Le pays est exsangue, la monarchie débile, les conservateurs au pouvoir incompétents, le désordre s’installe: voici venu le temps des colonels (1967), de la torture et des camps.

C’est aussi celui où tout bouge en Europe, où partout la jeunesse se révolte contre une société qu’elle juge étouffante, mais aussi contre la guerre du Vietnam et l’impérialisme US en général: le régime militaire grec est en bonne place dans la détestation des soixante-huitards.


Illustration - Sur le mont Hymette (2)…


Là encore, c’est grâce à un film, tiré d’un roman, que le grand public va être sensibilisé: le très célèbre Z de Costa-Gravas [^3] va hâter la fin de ce régime détestable, qui aura tenu sept ans.

L’histoire de la Grèce, redevenue une république, va désormais se confondre avec celle de l’Union européenne, qu’elle rejoint en 1981, avant d’être admise dans la zone euro en 2001.

On sait quel prix elle va devoir payer pour tenter de satisfaire aux fameux critères de Maastricht et comment elle finit, démocratiquement, par porter au pouvoir ce parti Siryza, qui exclut de continuer à affamer le peuple sous les coups de fouets de la détestée troïka…

L’avenir n’est écrit nulle part, et personne ne peut dire ce qu’il adviendra, et de la Grèce, et de sa place dans l’UE— ni de la possible extension en Europe de son modèle.
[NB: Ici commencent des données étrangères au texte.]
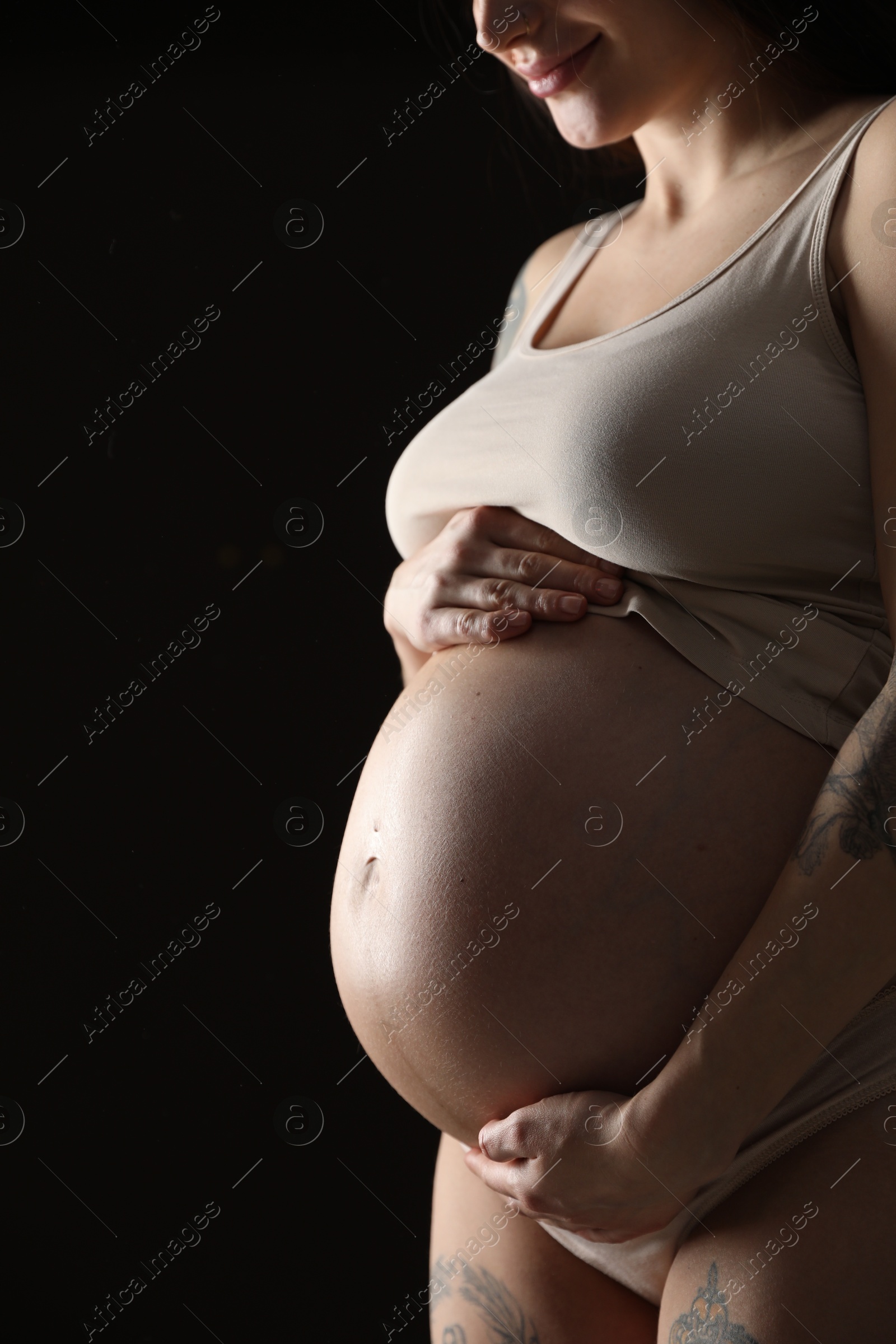 Photo of Pregnant woman with cute belly on black background, closeup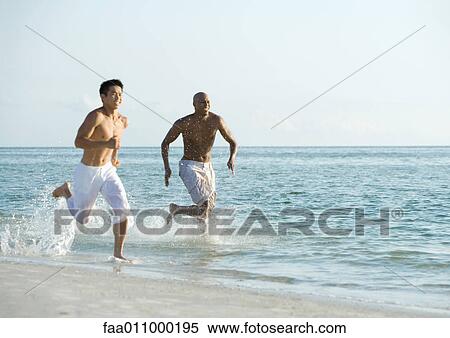 Two men running in surf View Large Photo Image Stock Photography - Two men running in surf. Fotosearch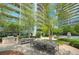 Inviting outdoor grilling area with ample seating and a view of the building's balconies at 44 Peachtree Nw Pl # 2024, Atlanta, GA 30309
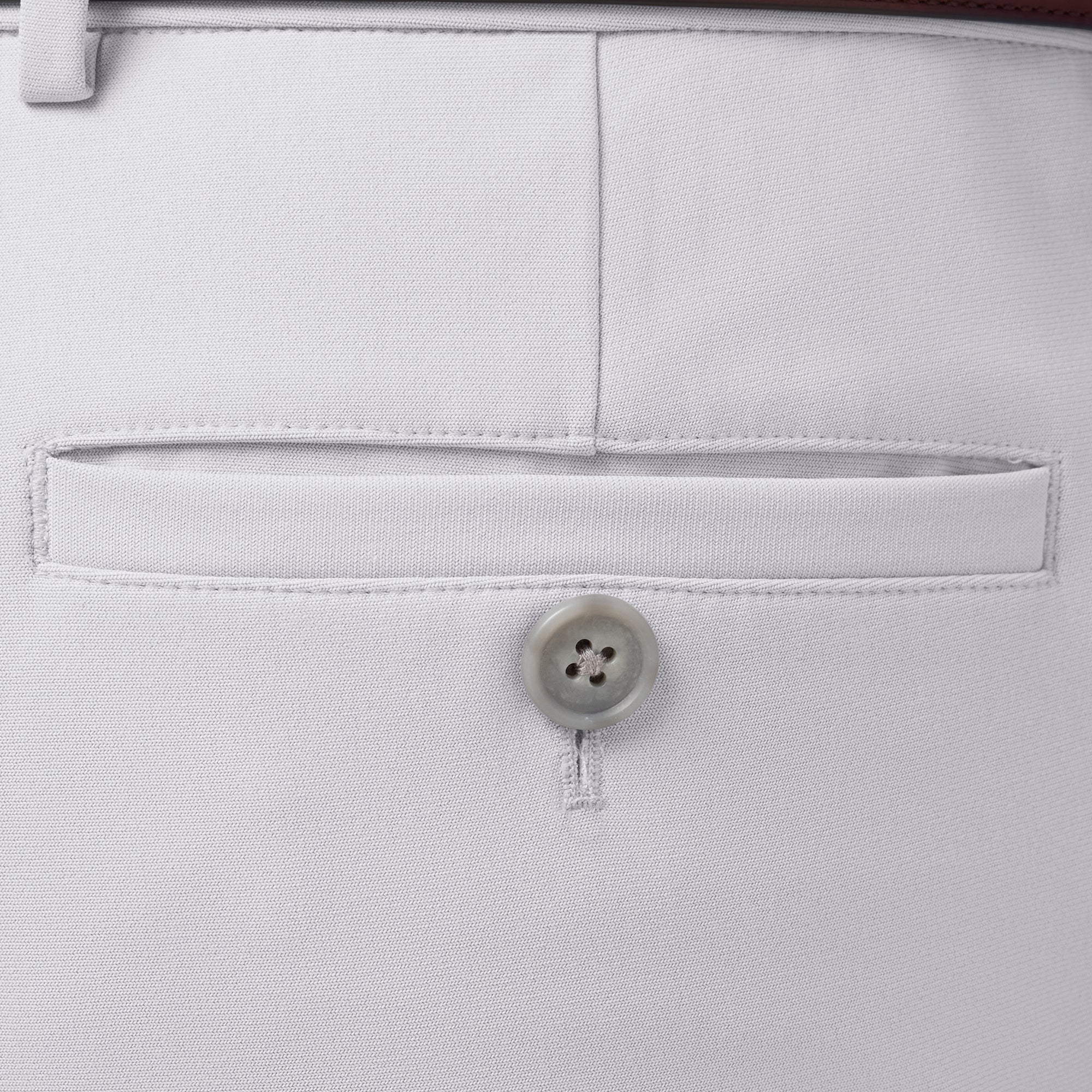 Close-up of a button on light gray pants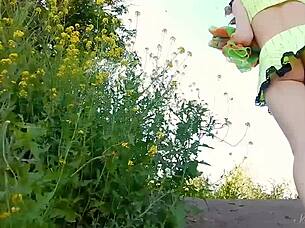 Spunky teen model strips naked during steamy outdoor photoshoot.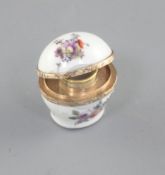 A Meissen porcelain thimble case, c.1750, painted with floral sprays to the domed cover and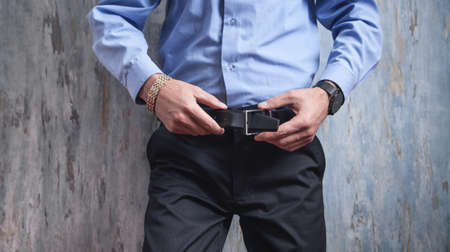 Businessman correcting his belt. Fashion, Lifestyle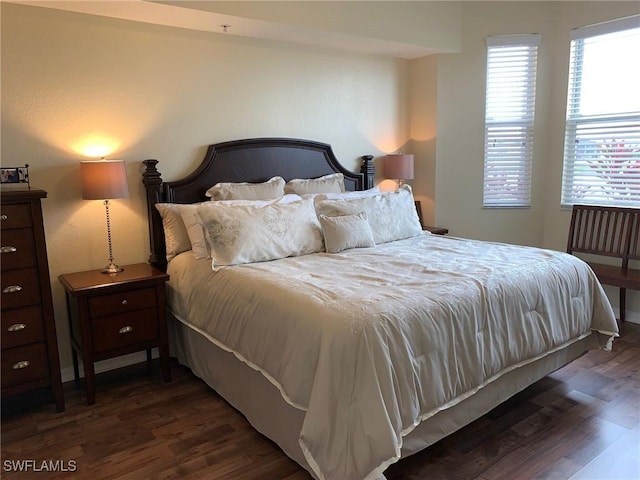 bedroom featuring dark wood-style flooring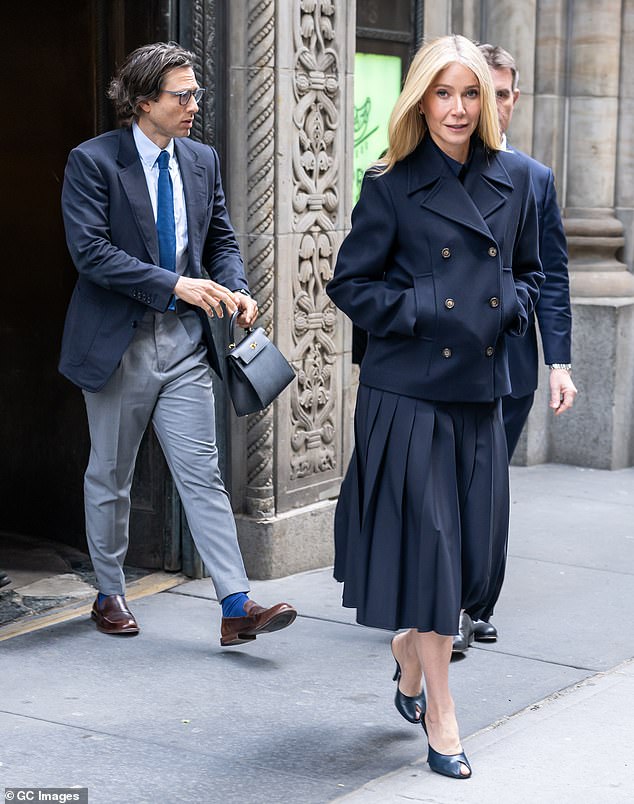 Falchuk kindly carried Paltrow's handbag for her later on at the celebration while she kept her hands buried in the pockets of her stylish jacket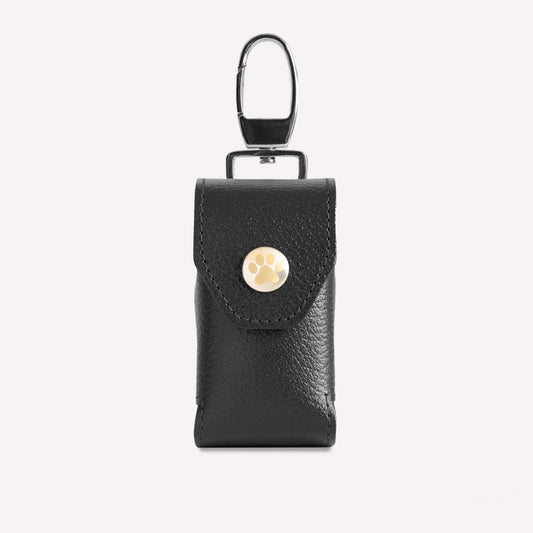 Black leather keychain pouch with a gold button on a white background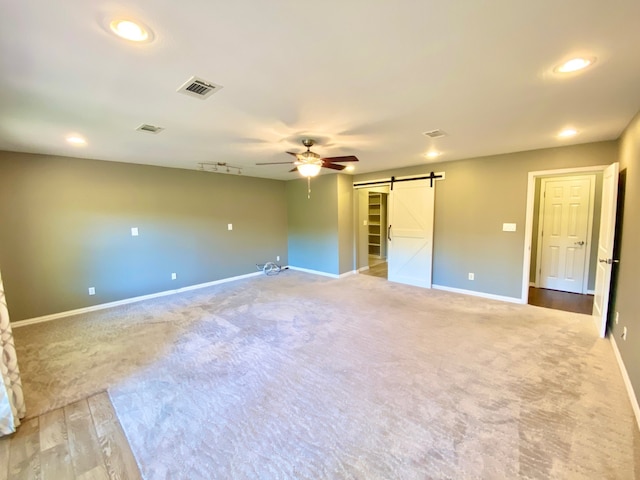 328 Mcguire Rd, Lufkin, TX 75901 - unfurnished bedroom featuring a barn door, carpet, recessed lighting, and a ceiling fan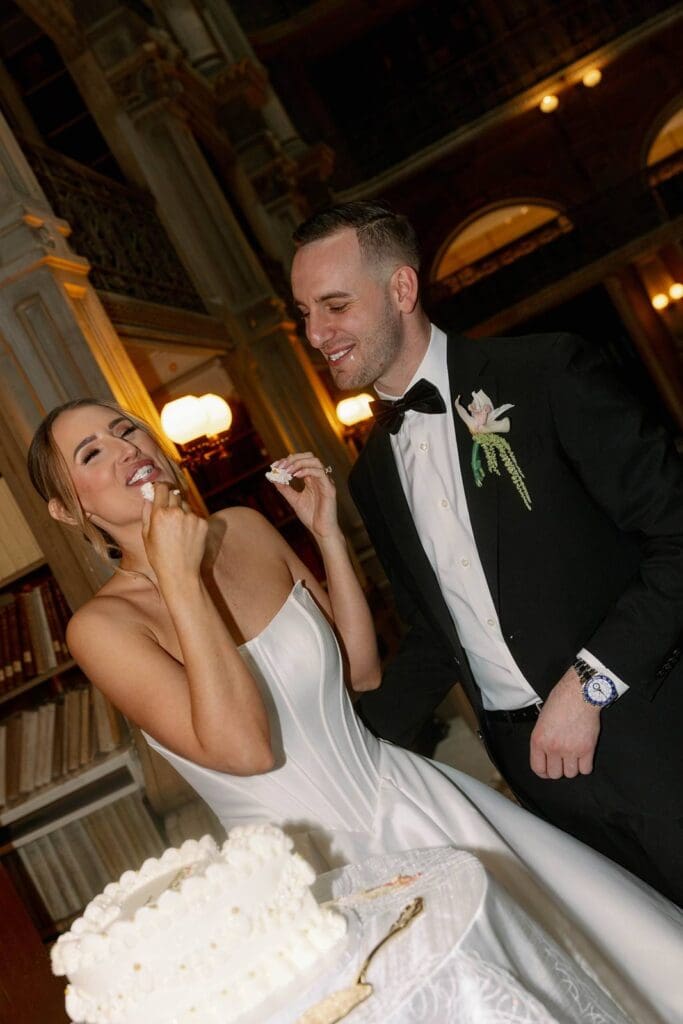 George Peabody Library wedding bride and groom enjoying wedding cake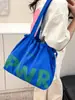 Bolsa de Ombro Feminina de Verão 2025 Casual de Grande Capacidade Bolsa Tote Casual de Lona de Nylon Bolsa para Estudante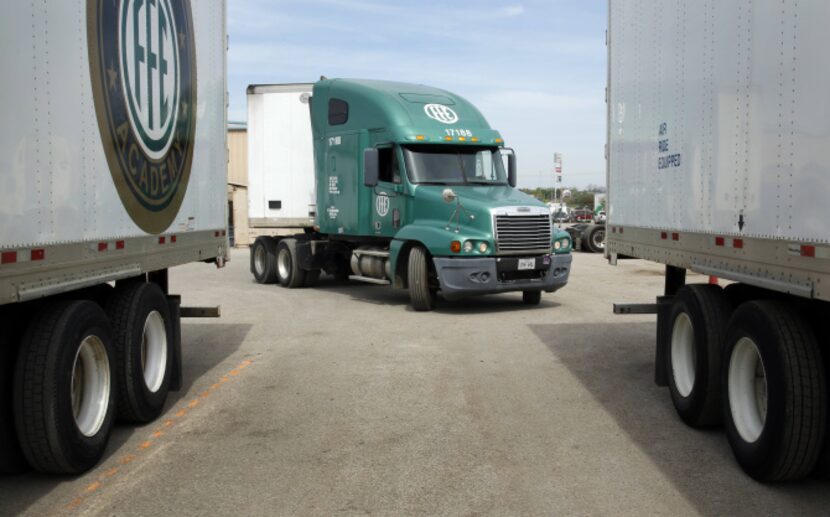 A student makes a sharp turn to pull between two trailers during the training session at FFE...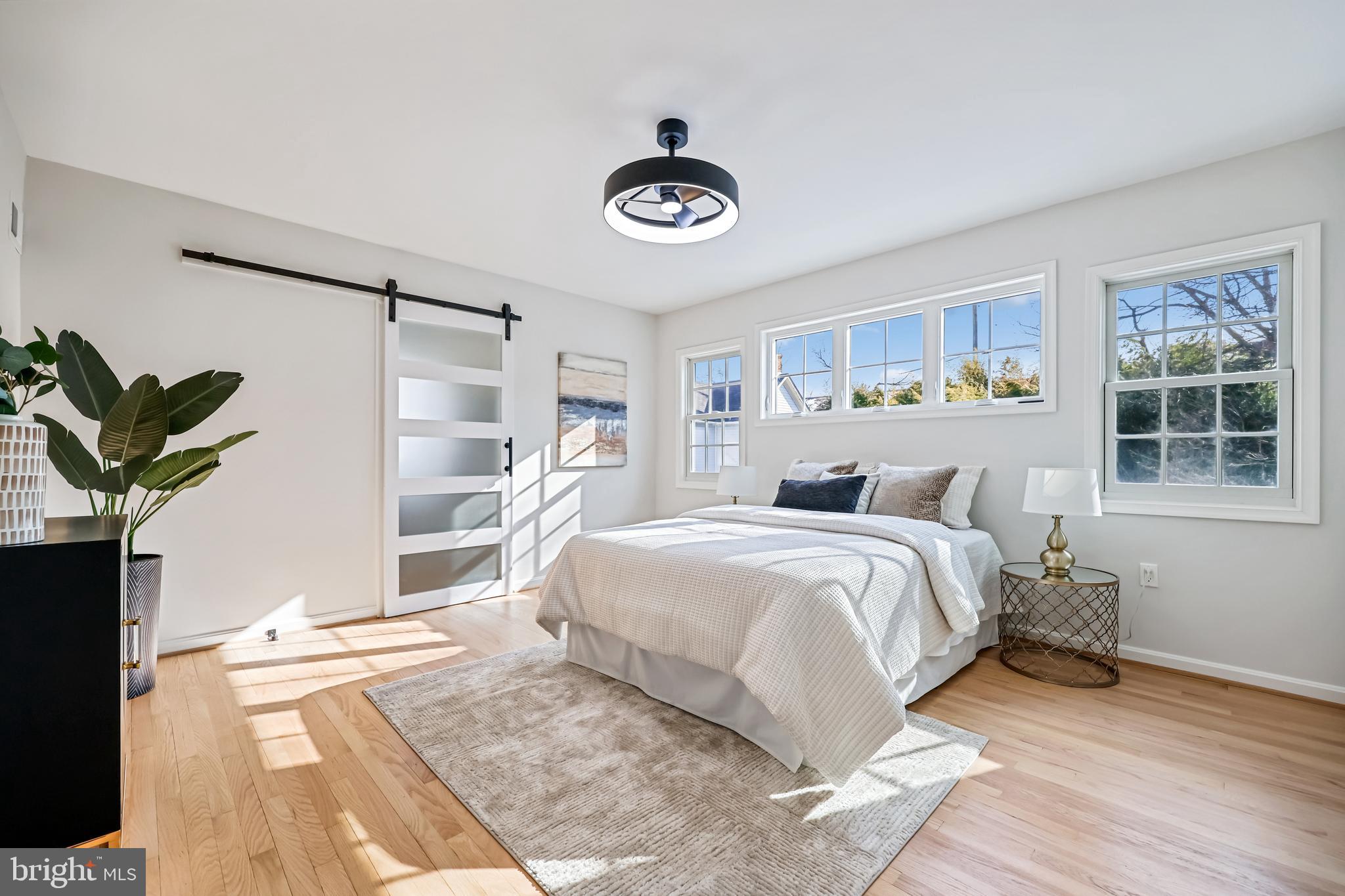 721 Mapleton Road Rockville, MD 20850 - Photo 20 of 36 a bedroom with a bed and a window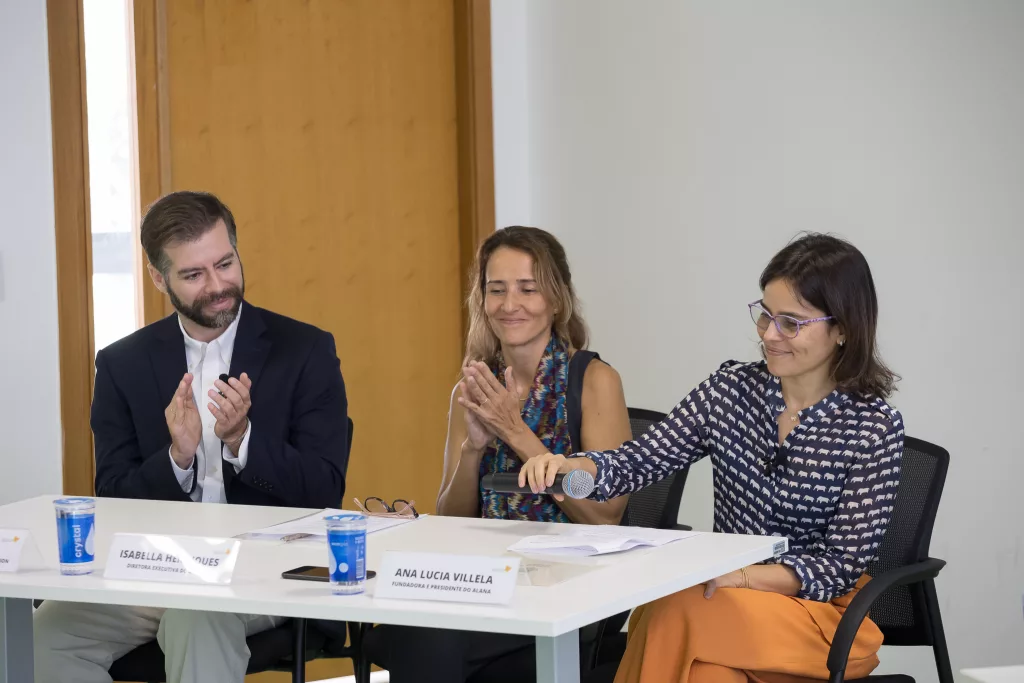 Na foto, Pedro Hartung, Isabella Henrique e Ana Lucia Villela. Os três são pessoas brancas e sorriem. Na ponta direita, Ana Lucia Villela, presidente do Alana, coloca o microfone em cima da mesa. 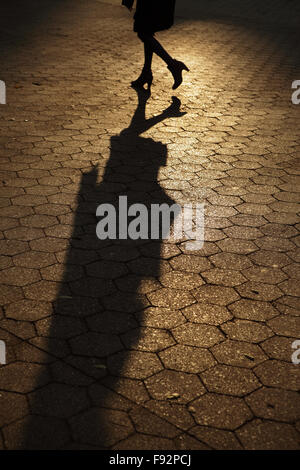 Abstract background of people's legs walking at night in streetlight Stock Photo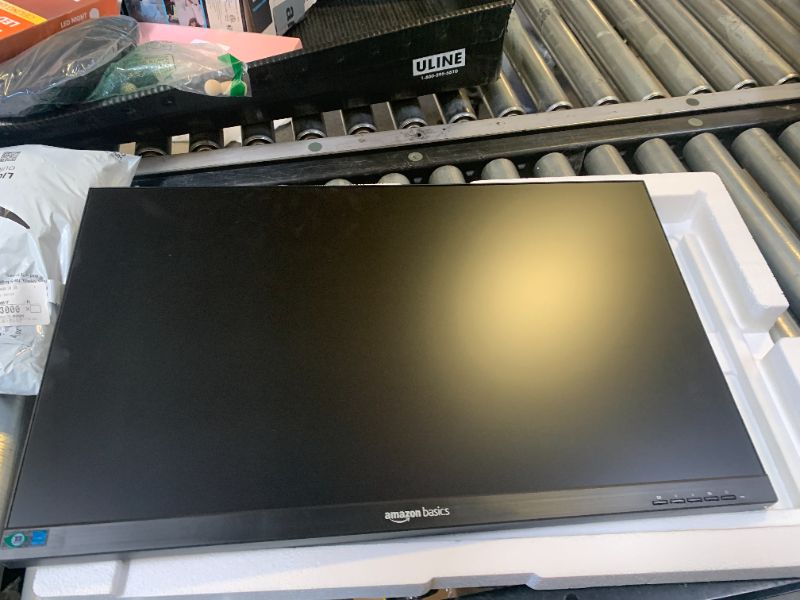 Photo 1 of Amazon Basics IPS Monitor 75 Hz Powered with AOC Technology FHD 1080P HDMI, Display Port and VGA Input VESA Compatible Built-in Speakers for Office and Home, 27 in, Black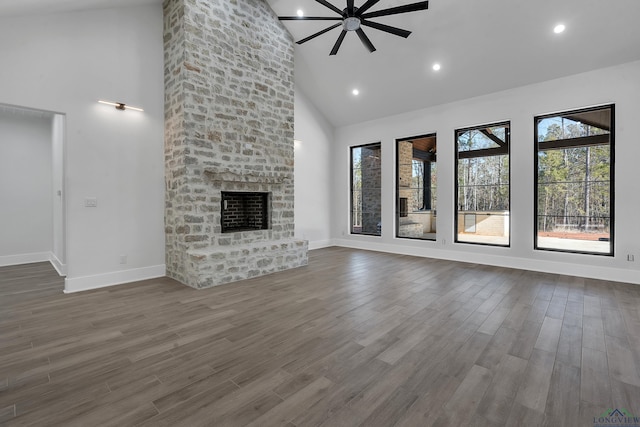 unfurnished living room with a stone fireplace, wood-type flooring, high vaulted ceiling, and ceiling fan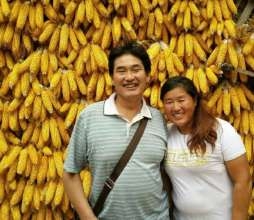 大衣哥朱之文站玉米前搂妻子合影 玉米挂满了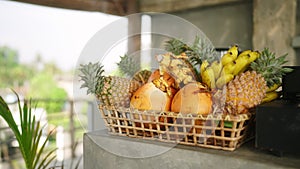 Basket with exotic fruit on a bar counter of an outdoor rooftop cafe. Laying out of tropical fruit in a restaurant to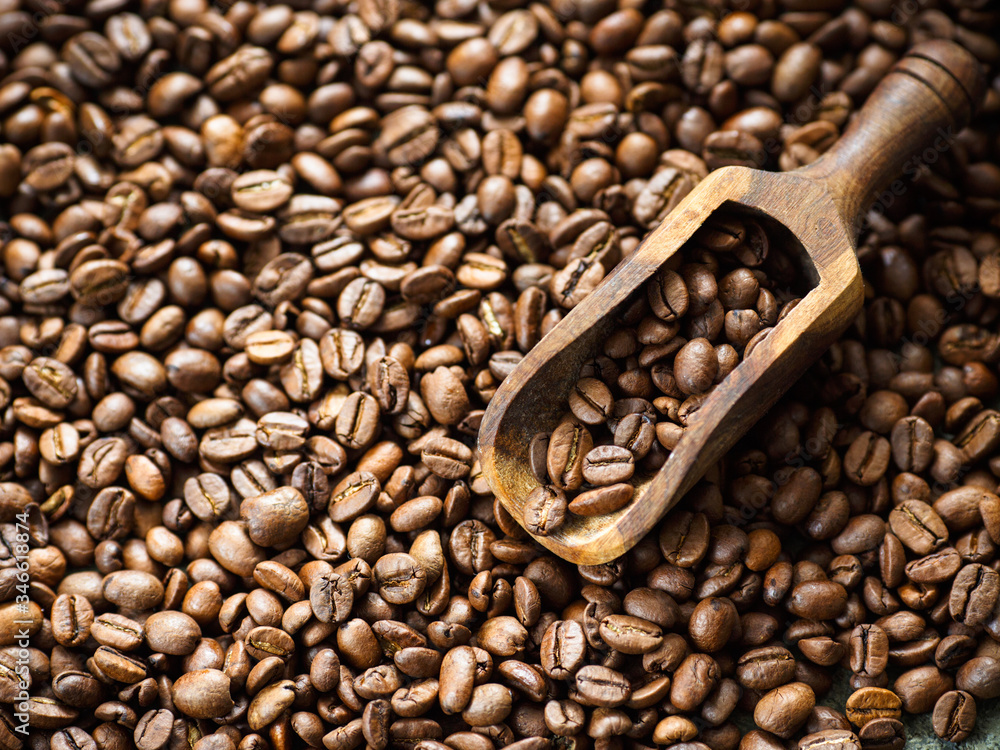 Fototapeta premium Lots of brown coffee beans, close-up. There is a place for the text.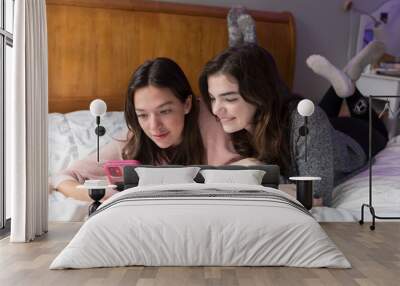 Two young caucasian women lying on bed and looking at cell phone Wall mural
Il est clair qu’il fait trembler les vieux partis vermoulus, comme le PSOE espagnol ou le PS français qui se croient incontournables, comme se croyait encore il y a un mois leur partenaire et clone Pasok.

Siryza peut échouer, bien sûr, et les stupides institutions européennes feront tout pour (elles ont déjà commencé). Mais quoiqu’il arrive, Tsipras et ses compagnons ont montré le chemin: oui, une autre gauche est possible…

Et nous avons vu, comme le dit le charismatique nouveau Premier ministre, « le soleil se lever sur la Grèce »…

[^2]: Chacune veillant à ce que les autres n’en tirent pas davantage profit qu’elle-même.

[^3]: Le roman du même nom est signé Vassilikos, et inspiré d’un fait réel, l’assassinat du député grec Grigoris Lambrakis en 1963 à Thessalonique. Servi par une pleïade de grands comédiens (Montand, Trintignant, Bouise, Fresson, Perrin, Périer, Dux, Bozzufi, Denner, et bien d’autres).